Gospel Gazette Online
Volume 23 Number 1 January 2021
Page 2


Who Knew What When?

Louis Rushmore“Who Knew What When?” is a common international news headline. Let’s explore “Who Knew What When?” concerning, “Who in the first century believed Jesus’ kingdom was spiritual?”

As the first century A.D. began, there was an air of expectancy among the Jews that the long-prophesied kingdom of the Messiah was about to be established (Isaiah 2:2-3; Daniel 2:26-45). The fourth earthly kingdom from the time of and including the Babylonian reign under Nebuchadnezzar – the Roman Empire – had been ruling the Jews for a little less than 100 years. Therefore, the ministries of John the Baptist and Jesus of Nazareth created quite a stir among the Jews as John and Jesus both began preaching that the kingdom was near (Matthew 3:1; 4:17).

The Jews expected an earthly kingdom comparable to the kingdom as it was when Solomon was king. Israel desperately wanted to overthrow Roman rule and occupation of their homeland. Therefore, many Jews were aroused by the preaching of John the Baptist and Jesus Christ. They wanted to take Jesus by force and make Him their earthly king (John 6:14-15).
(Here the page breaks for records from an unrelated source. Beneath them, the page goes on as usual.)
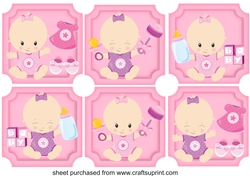 6 Pink baby girl toppers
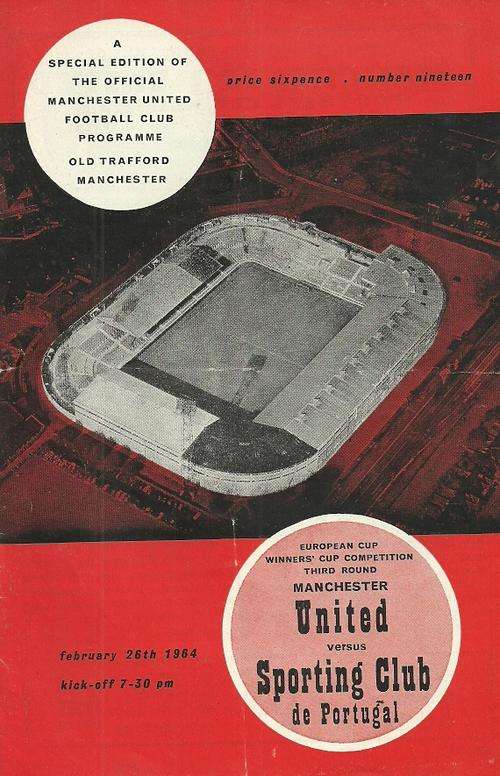 Manchester United v Sporting Lisbon 1963/64 European CWC 1/8 Final 1st Leg Match Programme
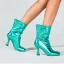 Glitzernden Lindgrün Cocktail Stiefel Damen 2022 9 cm Stilettos Quadratische Zehe Stiefel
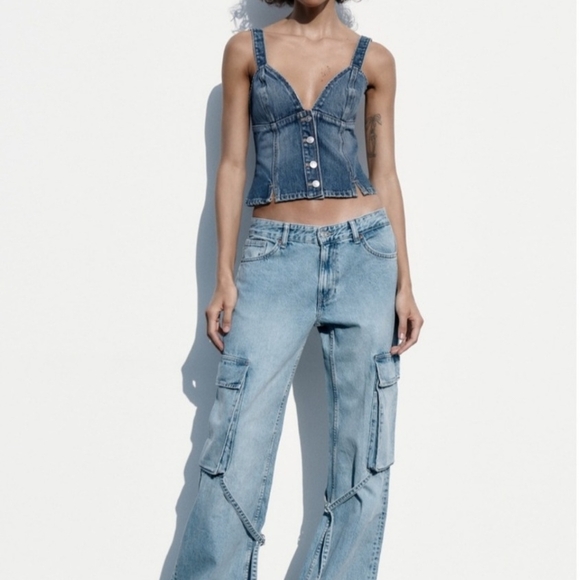 Zara Denim - NWT ZARA Cargo Jeans with Side Zippers – Size 6 / 38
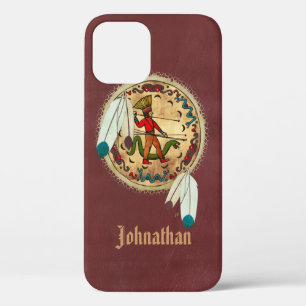 Coque iPhone 12 L'art populaire amérindien guerrier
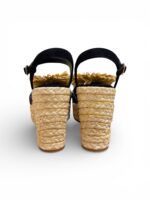 Sandali Paloma Barcelò Palomitas Donna con Zeppa 11 cm e Plateau 3 cm in Rafia Beige e Suede Nero art. Fannie Raffia Black - immagine 5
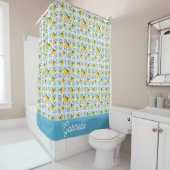 French Country Lemon Blue Tile Pattern Duschvorhang (Beispiel)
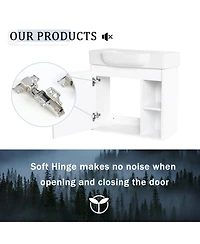 Sillysis Inch Wall Mounted Bathroom Vanity with Ceramic Sink, Modern Plywood Cabinet, Soft Close Door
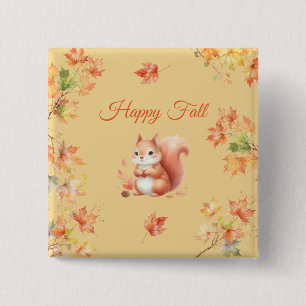 Happy Fall Squirrel in Leaves 15 Cm Square Badge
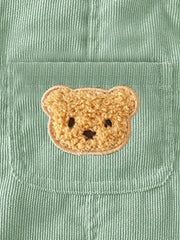 Solid Color Casual Corduroy Overalls
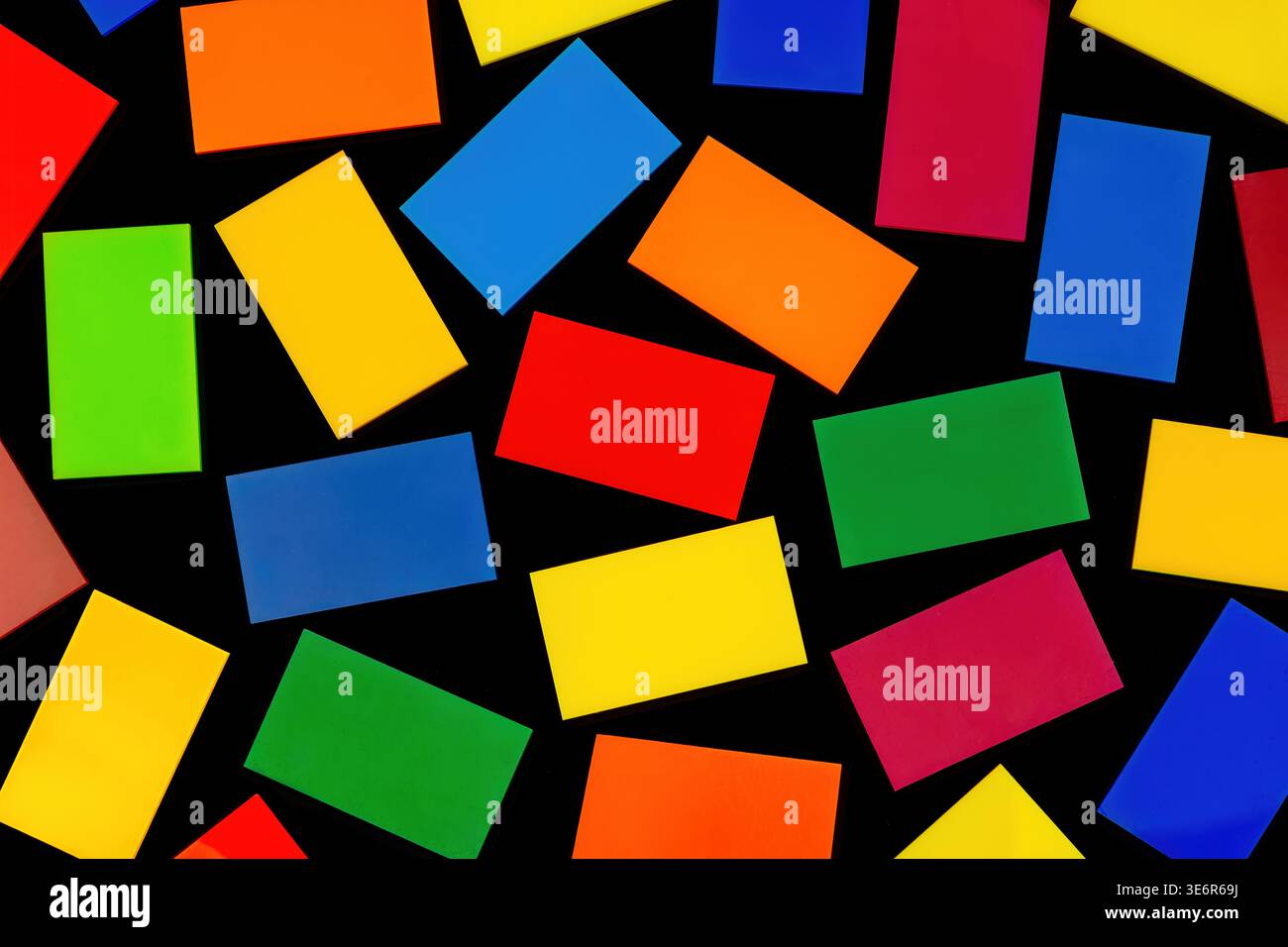 Colourful acrylic Glass Samples on a dark background Stock Photo
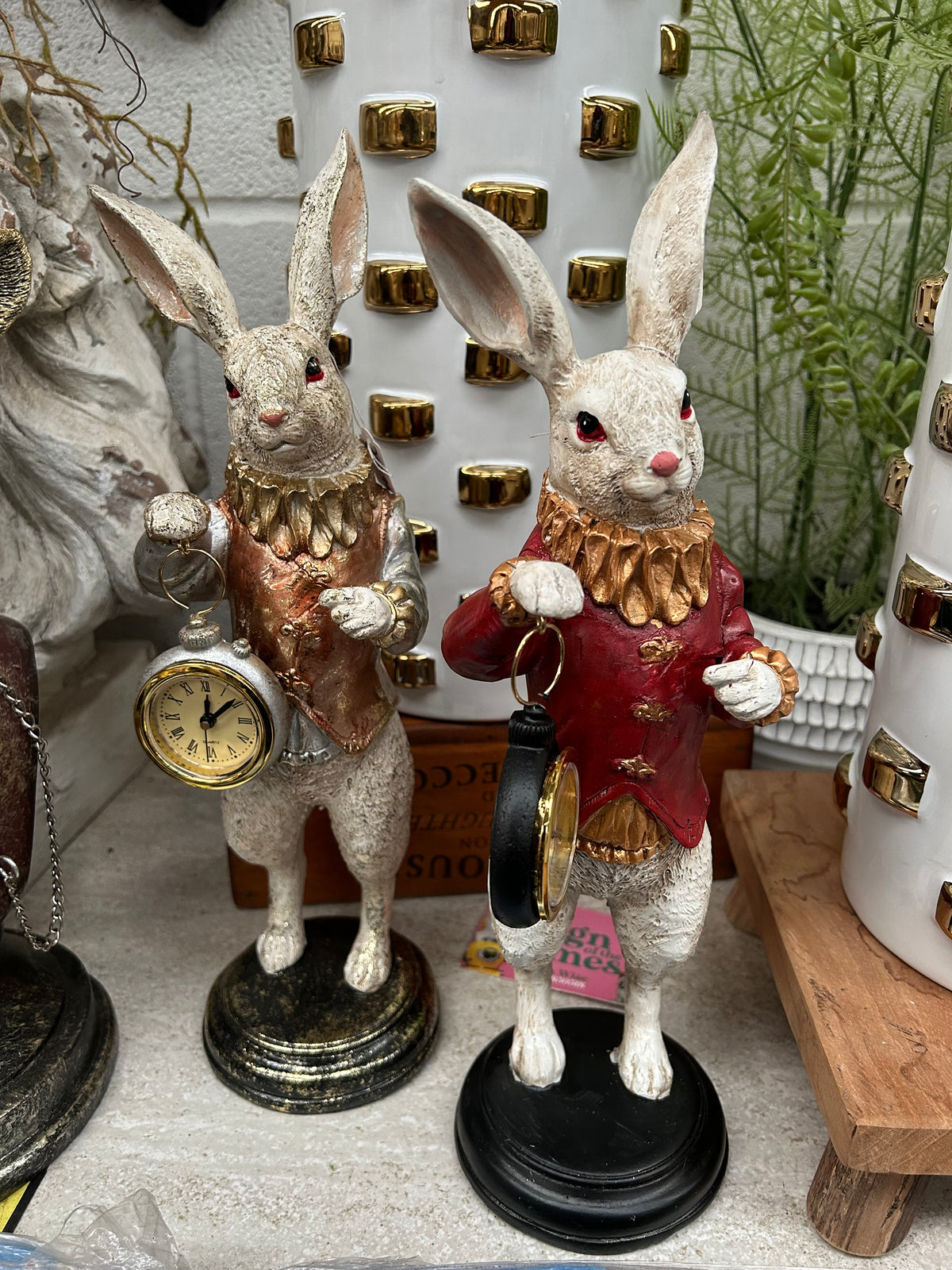 The White Standing Clock Figure with Red Jacket | Sign of the times Stoke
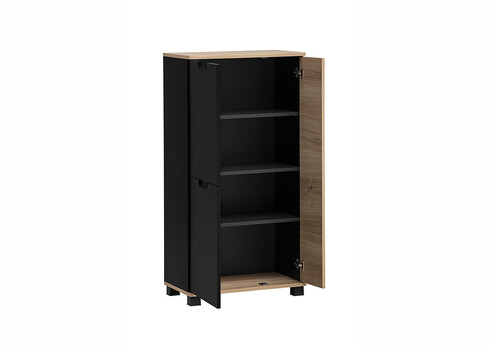 Kõrge vannitoakapp EMMIK mattmust / tamm, 60x33xH177cm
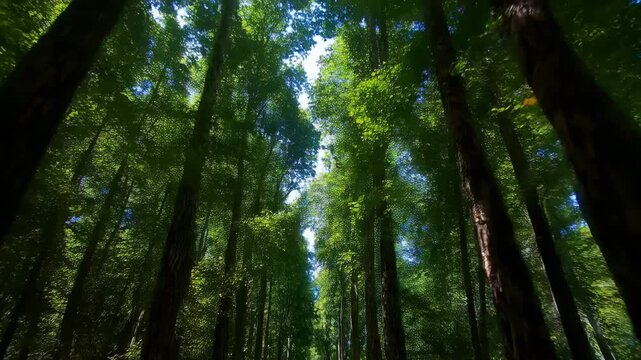 Tall forest trees forming a natural corridor with sunlight filtering through the dense green canopy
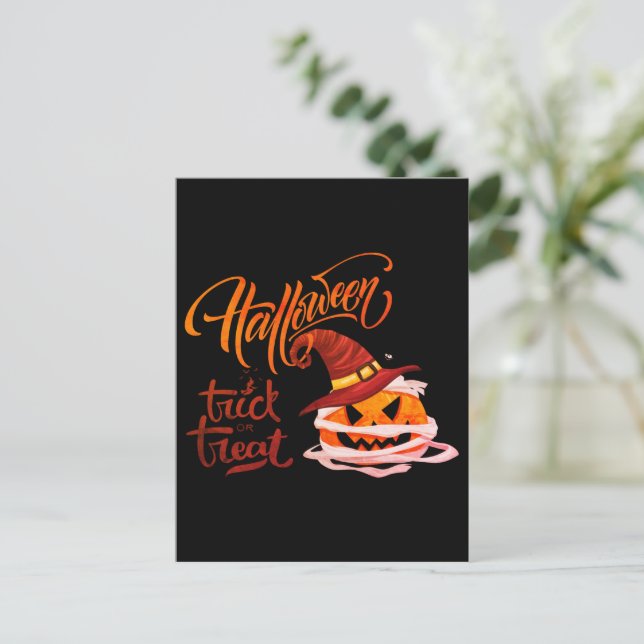 Carte Postale Joyeux Halloween Trick ou Citrouille de traitement (Debout devant)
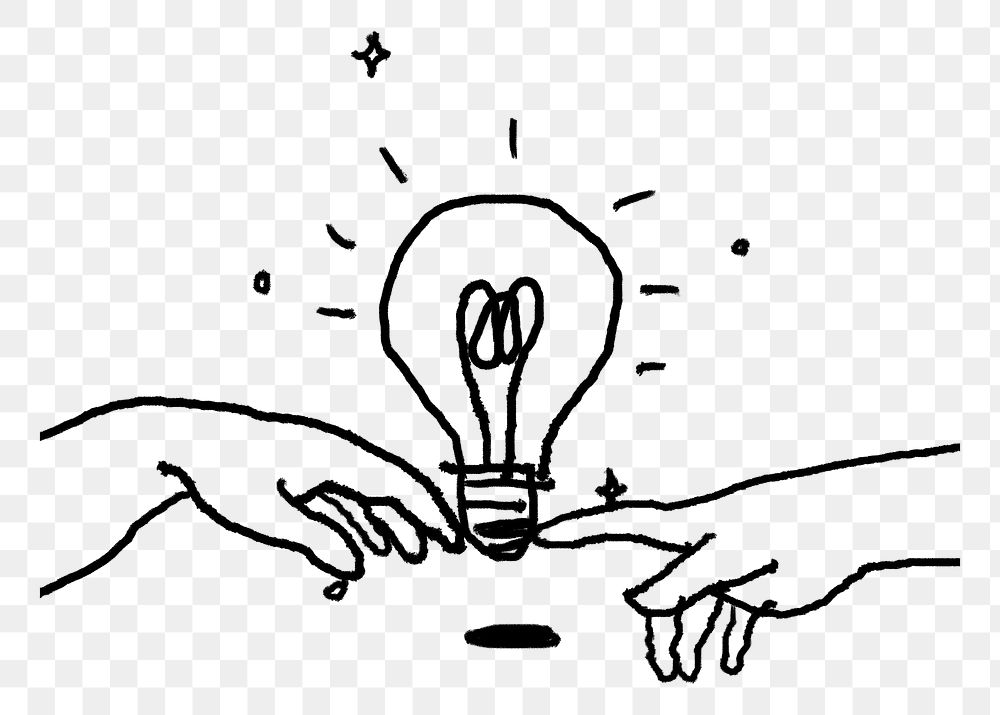 Fingers touching png light bulb, innovative ideas doodle, transparent background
However, many of the Jews turned away from following Jesus Christ once they realized that He did not come to establish a physical kingdom (John 6:66). “Who Knew What When?” Many of the Jews who formerly were stirred by preaching about the kingdom were among the first to understand that the nature to the kingdom about which John the Baptist and Jesus of Nazareth preached was spiritual rather than physical and earthly. The apostles, though they continued with our Lord, still clung to the notion that Jesus was about to establish a physical kingdom (Acts 1:6).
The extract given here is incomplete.